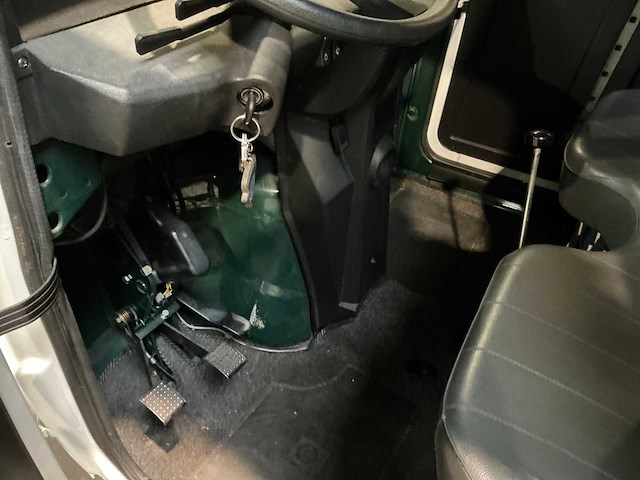 Piaggo ape driewielige bedrijfswagen - afbeelding 9 van  9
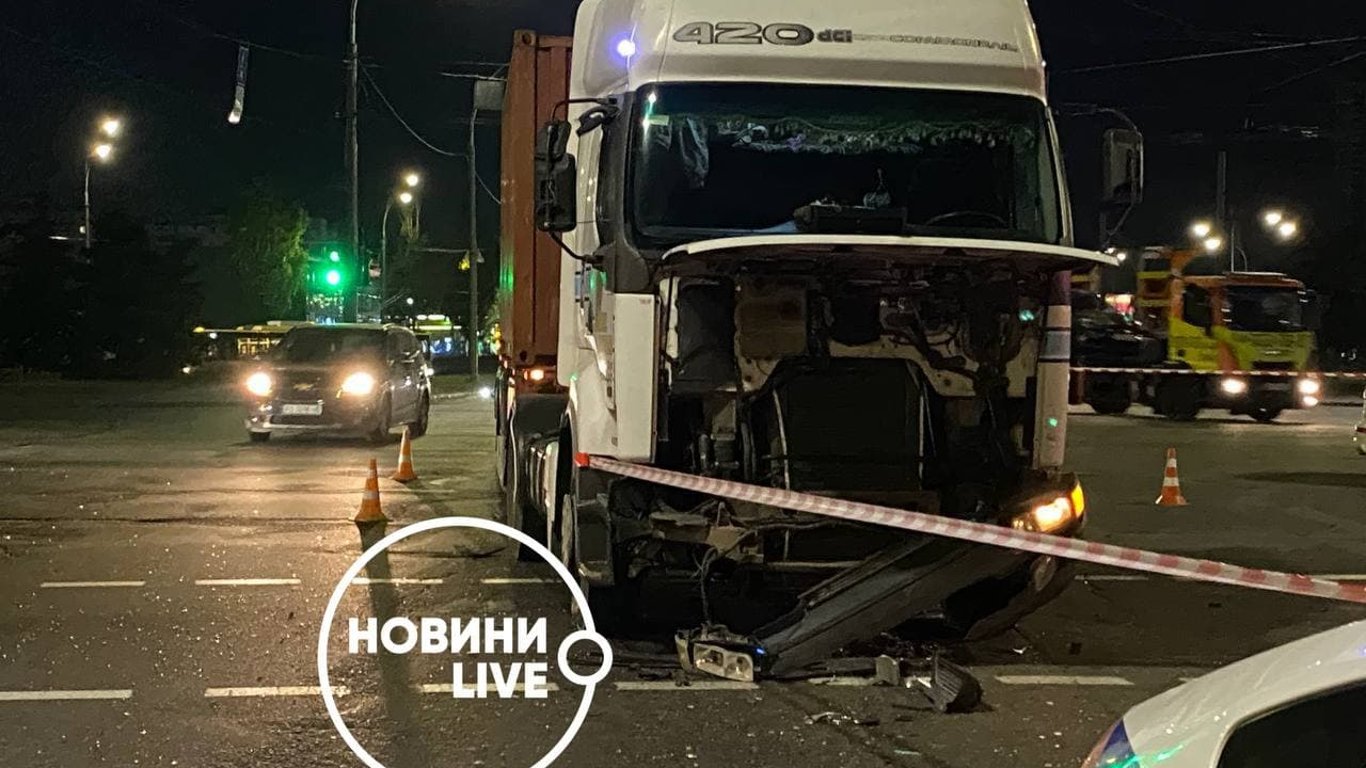 ДТП в Києві - на перехресті вулиць Перова і проспекту Шухевича зіткнулися вантажівка і легковик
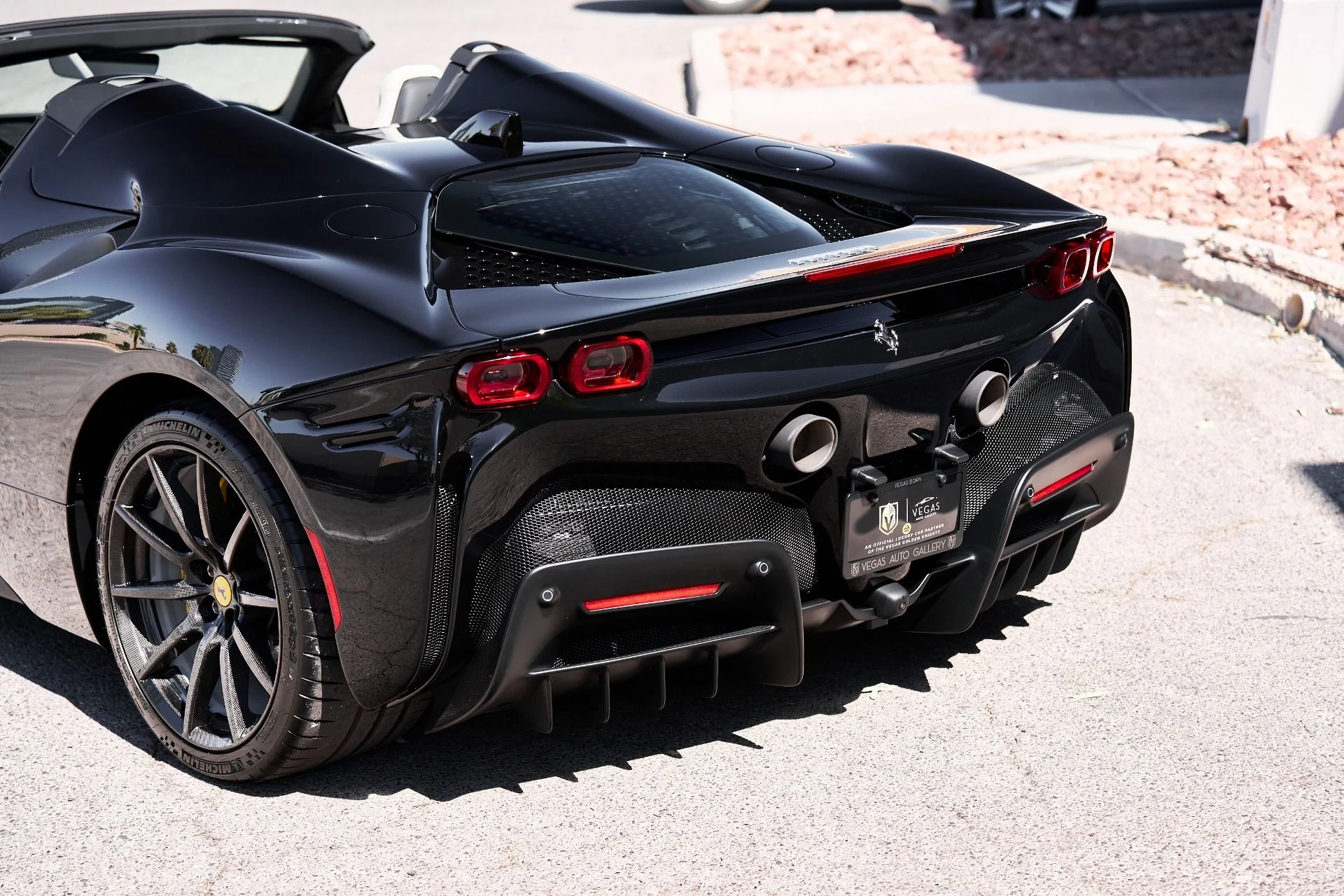 mph010_4256737630_Used_2024_Ferrari_SF_90_Spider_Base_1755223316_775f69982e
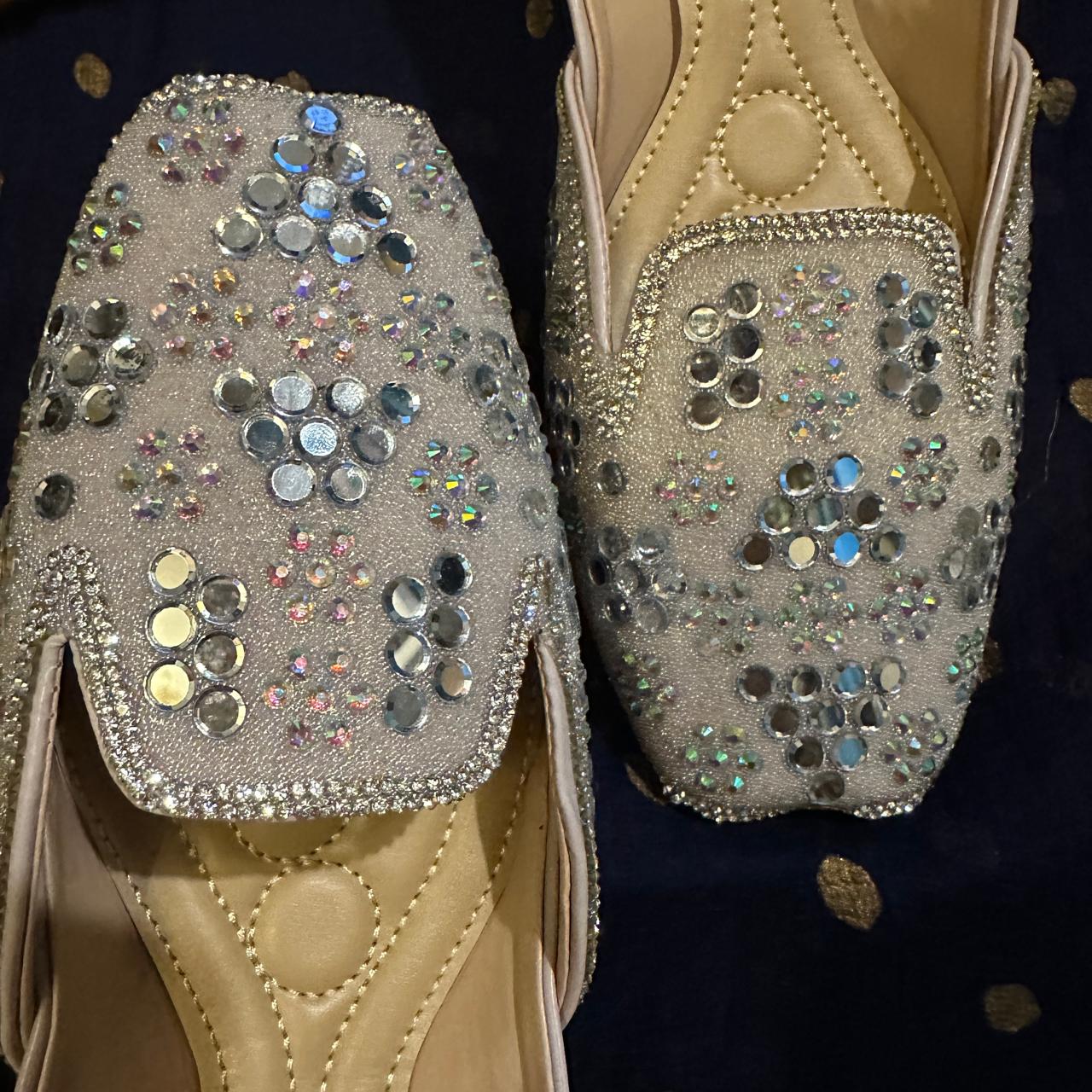 Punjabi Jutti heavy flower pearl side cut work 0308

→ **WHAT IS NEEDED**:
Your response must reproduce every line of the data exactly, with images omitted.

→ **ANSWER SECTION**:
 Piaggo ape driewielige bedrijfswagen - afbeelding 9 van  9
 ДТП в Києві - на перехресті вулиць Перова і проспекту Шухевича зіткнулися вантажівка і легковик
 mph010_4256737630_Used_2024_Ferrari_SF_90_Spider_Base_1755223316_775f69982e
 Punjabi Jutti heavy flower pearl side cut work 0308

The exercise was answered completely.